FIG. 4 is a flowchart illustrating an example of an operation of a non-contact IC card reader / writer according to an embodiment of the present invention.

[Explanation of symbols]

 DESCRIPTION OF SYMBOLS 10 Non-contact IC card reader / writer 11 Signal source 11a AC signal 11b AC signal 12 Output voltage switching circuit (power switching means) 13 Amplifying circuit 13a Phase modulation circuit 13b Transmission amplifier 13c Demodulation circuit 14 Coil 15 Microcomputer (Control means) 15a Transmission data 15b Received data 16 Memory 16a Control program (control logic) 20 Non-contact IC card 21 Coil 22 Power supply circuit 23 Internal circuit 23a Transmission data 23b Received data 24 Load modulation circuit 25 Demodulation circuit 121 Resistance 122 Resistance 123 Transistor 124 Resistance 125 Resistance 126 Transistor 127 Resistance A, B Control signal

Claims (4)

[Claims] 1. A non-contact IC card power supply method for supplying power by inductive coupling from a non-contact IC card reader / writer to a non-contact IC card having no built-in power supply, the method comprising: The non-contact IC
The contactless I while changing the power supplied to the card.
The presence or absence of the initial response from the C card is monitored, and the non-contact IC is set based on the set value of the power at the time when the initial response is obtained.
A power supply method for a non-contact IC card, which comprises operating the card. 2. The non-contact IC card according to claim 1, wherein the power supplied from the non-contact IC card reader / writer to the non-contact IC card is increased stepwise.
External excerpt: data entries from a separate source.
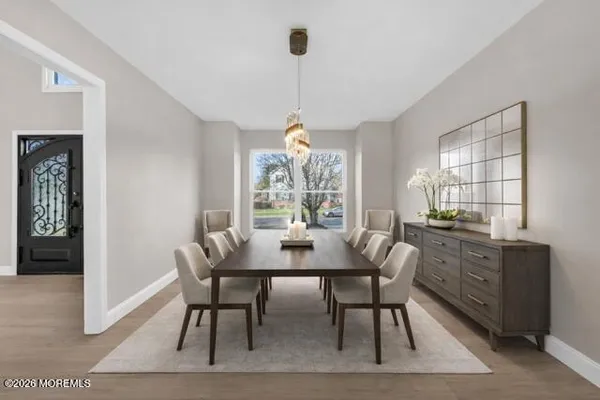 a kitchen with stainless steel appliances kitchen island granite countertop a dining table chairs and a refrigerator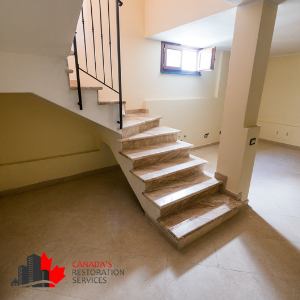 empty basement window open and stairs for mold removal in edmonton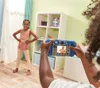 A child is taking a picture of another child with a toy camera in a room. Produktbild-Vorschau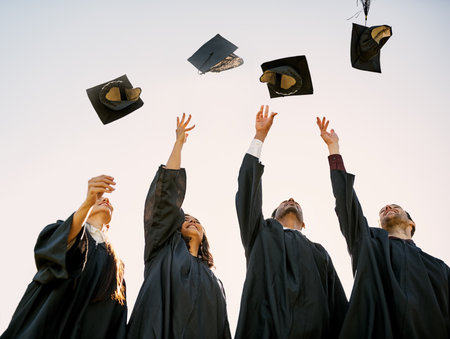 Even if its tough, you can still triumph. a group of students throwing their hats in the air on graduation day.の写真素材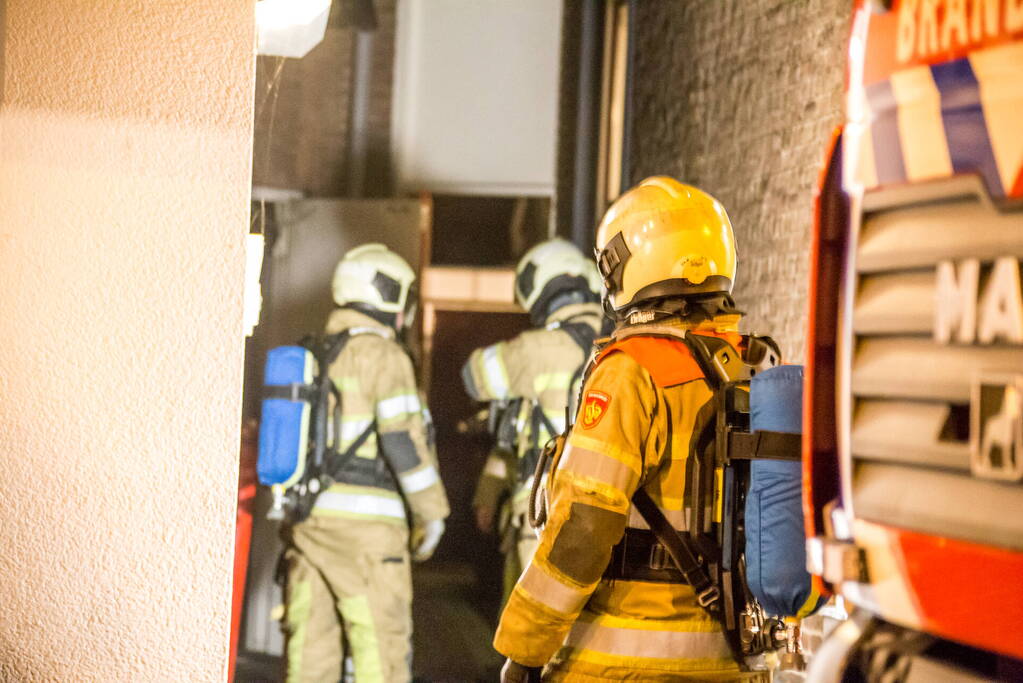 Wasdroger in brand in flatgebouw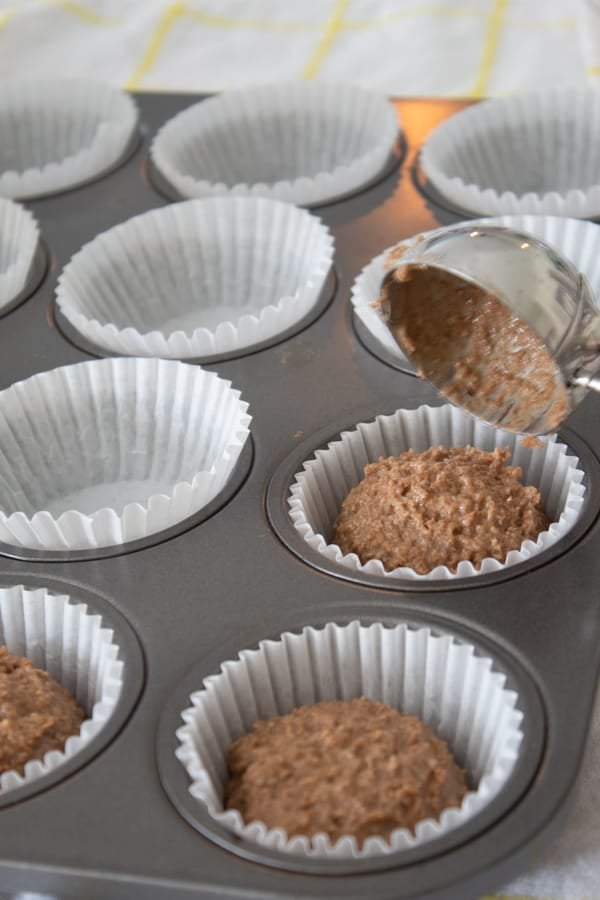 spooning batter into muffin tins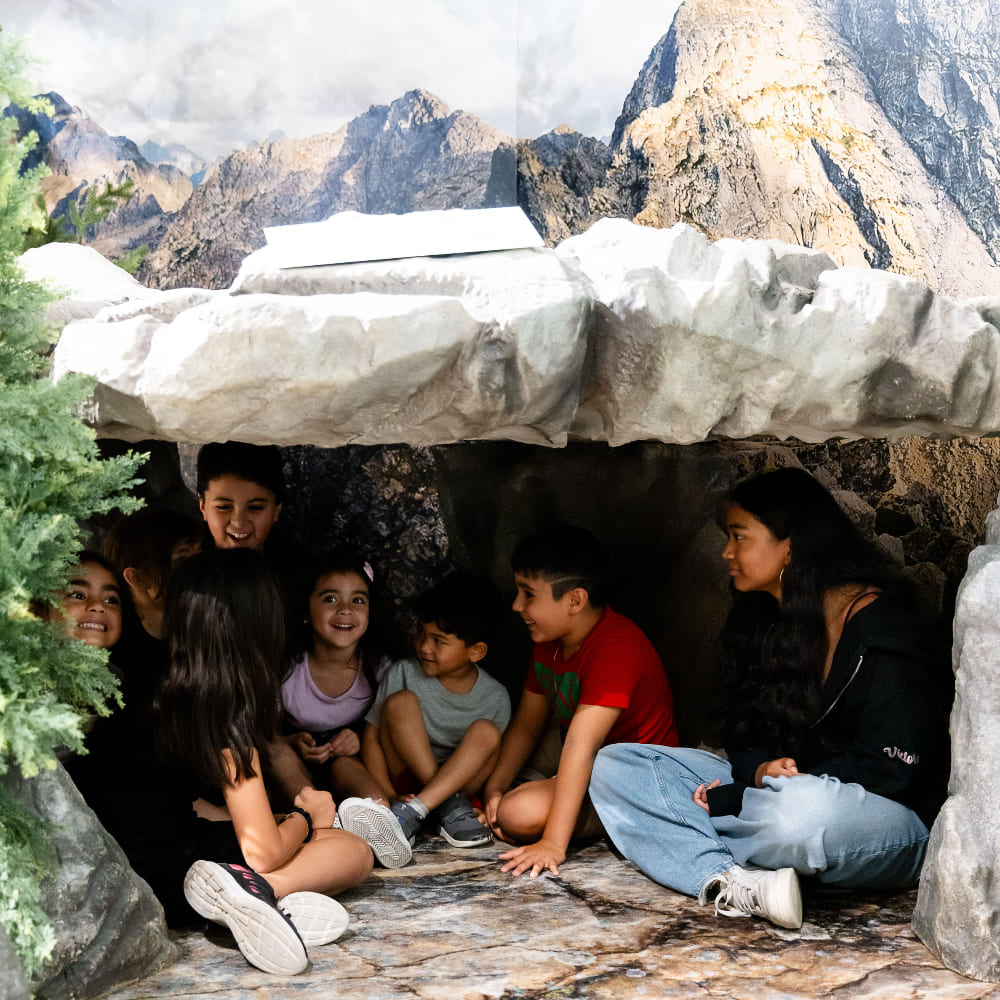 Un groupe d'enfants assis à l'intérieur de la grotte.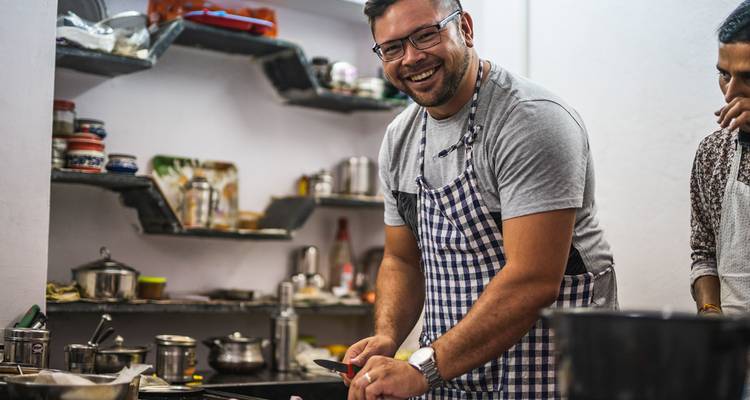 Voyageur portant un tablier sourit en hachant des ingrédients pendant un cours de cuisine.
Monitoring the presence or absence of an initial response from the non-contact IC card, and operating the non-contact IC card at the set value of the power at the time when the initial response is obtained. 3. The non-contact IC card which does not have a built-in power supply is supplied with electric power by inductive coupling, so that
What is claimed is: 1. A non-contact IC card reader / writer for performing data communication with a C card, comprising: a power switching unit for changing a value of the power supplied to the non-contact IC card; A non-contact IC card reader / writer, comprising: control means for determining the set value of the power to be supplied to the non-contact IC card by controlling the power switching means according to the presence or absence. 4. The non-contact IC card reader / writer according to claim 3, wherein the control means controls the power switching means to increase the value of the power supplied to the non-contact IC card in a stepwise manner. And control logic for performing the data communication with the non-contact IC card while operating the non-contact IC card at the set value of the power when the initial response is obtained from the non-contact IC card. A non-contact IC card reader / writer.